Tacking on “IMHO” (in my humble opinion) or a similar phrase won’t protect you. If Susan says, “In my opinion John Jones is a liar,” the reader believes she knows facts proving Jones lied. If she doesn’t also tell the reader those facts, what she said is considered a fact, even if she said it was only her opinion. Sooner or later, she must prove her statement was founded on evidence. Once she does that, they better be correct. If she says, “In my opinion Mayor Jones shows his abysmal ignorance by accepting the teachings of Marx and Lenin,” she’s probably safe if he actually did accept those teachings.
Liles did not protect himself. Most of us don’t. The Internet makes it easy to spout off, so we just type whatever we’re feeling and get it off our chest. That’ll teach ’em!

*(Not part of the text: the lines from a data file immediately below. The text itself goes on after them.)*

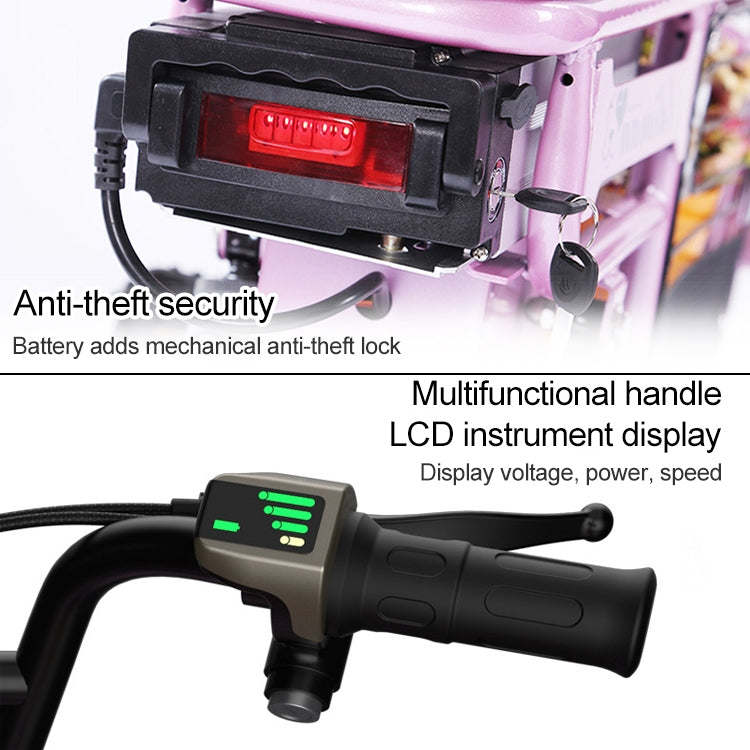 Adiman Folding Electric Bicycle Mini Adult Scooter Three Seats Electromobile With 11A Lithium Battery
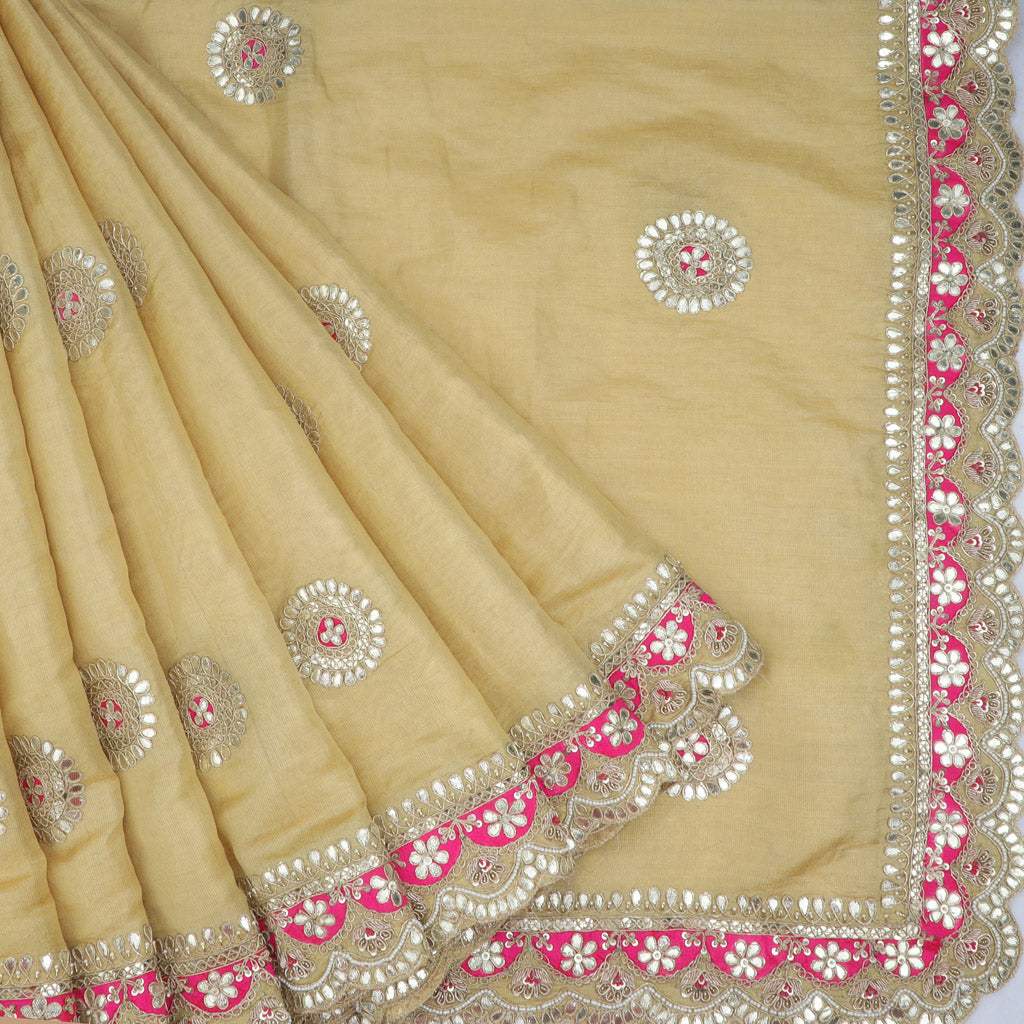 Designer Lotus Saree with Handcut Gota Patti Work - Rana's by Kshitija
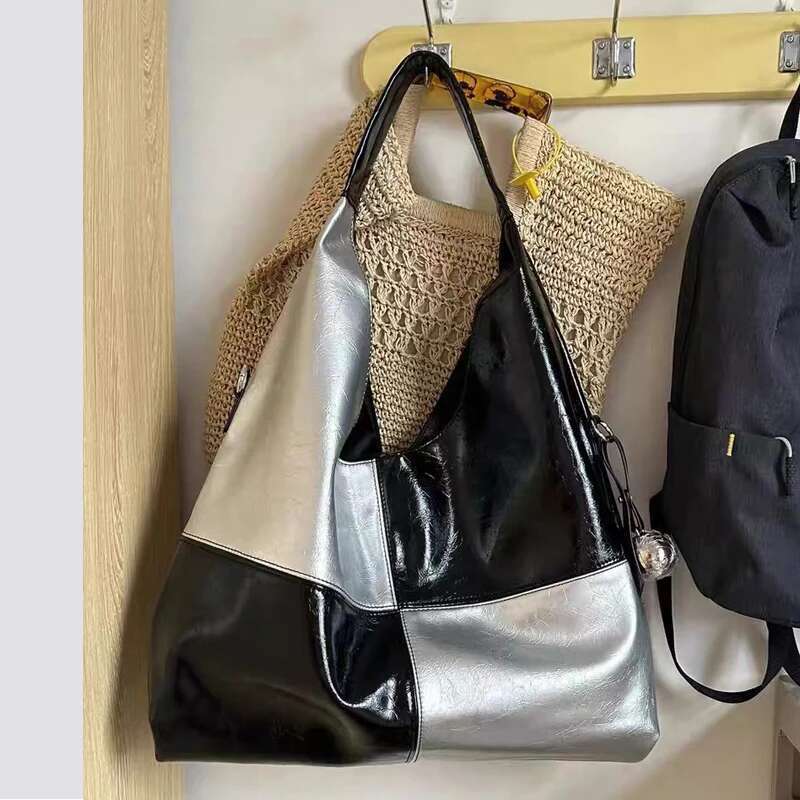 Large Capacity Bags For Women Designer Handbag Purses New In PU Splicing Contrast Color Metal Ball Underarm Shoulder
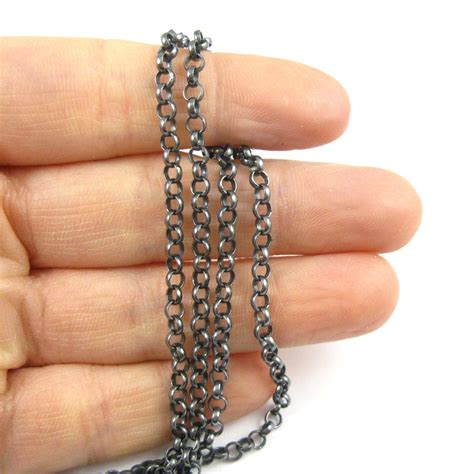Oxidized Sterling Silver Chain 35mm Rolo Chain Bulk Unfinished Chain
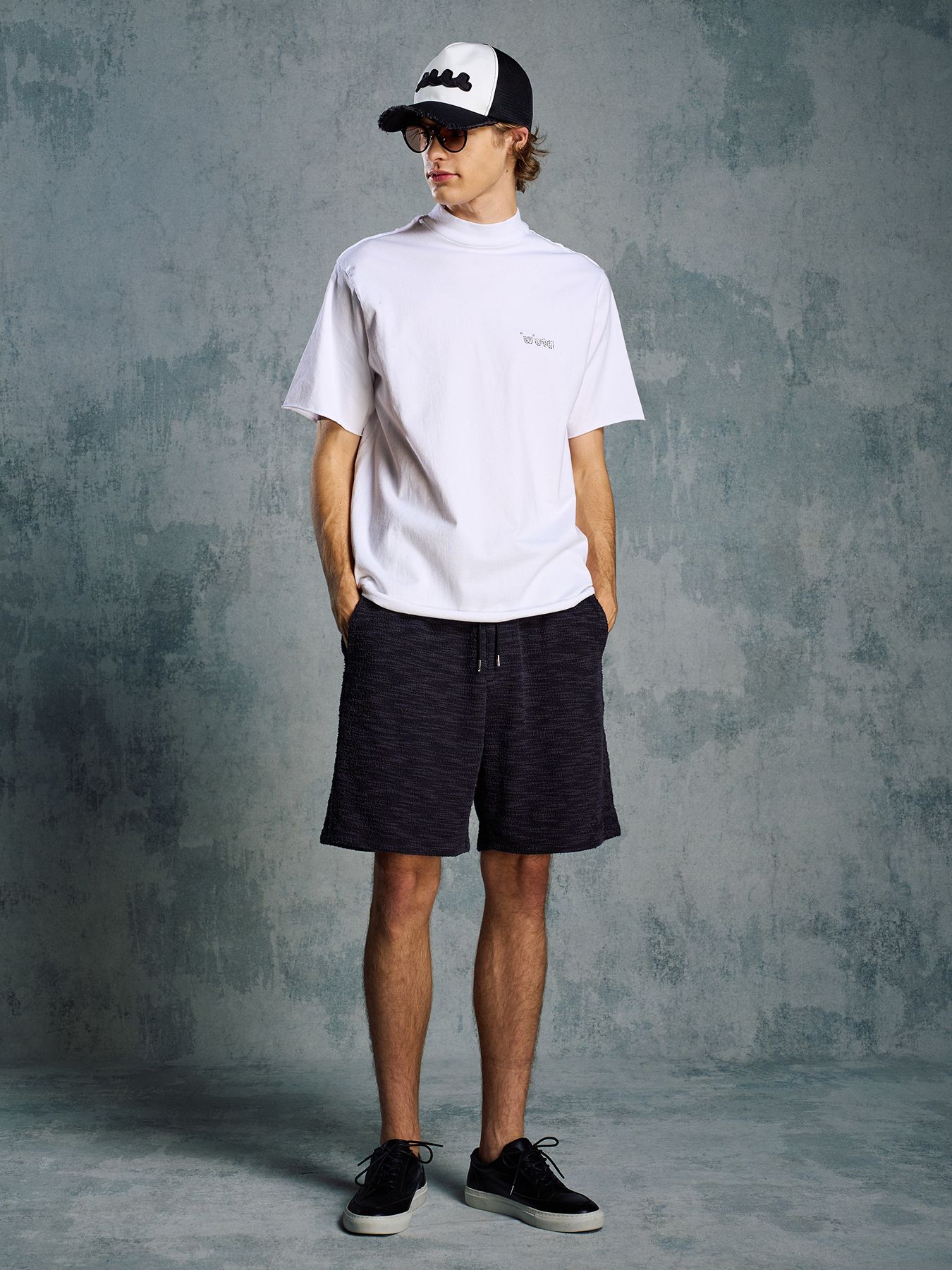 【予約品 1月25日(日) 締切】muta × wjk collection：wave cut-off mesh cap / ウェーブ カットオフ メッシュキャップ / ブラック×ホワイト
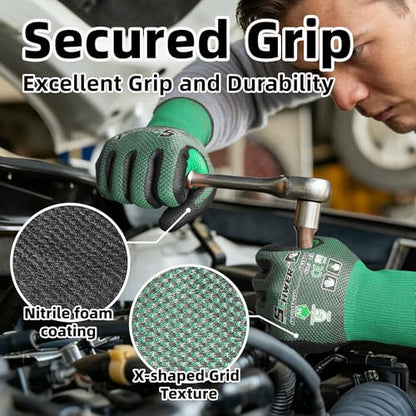 Schwer AIR-SKIN ANSI A6 Cut Resistant Gloves, AR3908 Cut Proof Glove, Ultra Thin Cutting Glove with Reinforced Thumb, Non-PFAS, Wire & Fiberglass Free, Work Glove for Mechanics, M, 6 Pairs - size: Medium, style: 6 Pairs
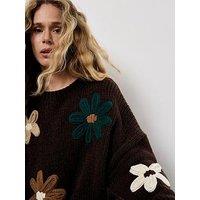 Apricot Embroidered Daisies Jumper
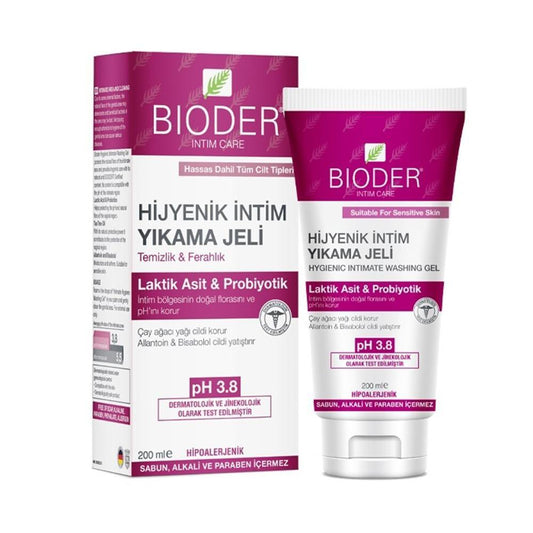 Bioder Intimate Wash: Gentle pH Balanced Feminine Hygiene Cleanser for Sensitive Skin with Tea Tree Oil - 200ml
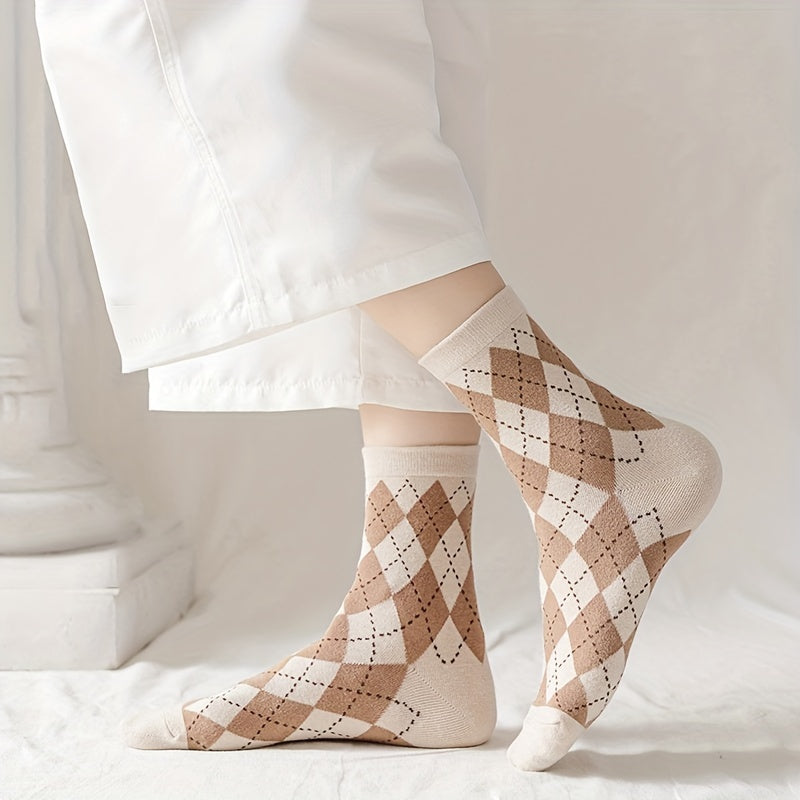 6 Pairs Bear & Plaid Print Socks Women's Stockings & Hosiery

And as for Dancing Deer Mountain? The appellate court two weeks ago decided that Neumann could go ahead with her case despite freedom of speech, because some things that Liles said were not opinion. Why? Although the court said that “some” of what Liles said was protected opinion, its only example was “The worst wedding experience of my life!” Yep, can’t be proved, so it’s an opinion.
I see other candidates: “there are … great places to get married, this is not that place”; “I was only happy with one thing”; and how in the world can words like “two faced” and “rude” be considered anything but opinion?
The court said Neumann could go forward on her claims based on the whole post including, these statements: “[t]he owners did not make the rules clear”; “when they saw something they didn’t like they waited until the day of the wedding to bring it up”; “[w]e were told we had to leave at 9pm, but at 8:15 they started telling the guests that they had to leave immediately”; and “[t]he ‘bridal suite’ was a tool shed that was painted pretty, but a shed all the same”).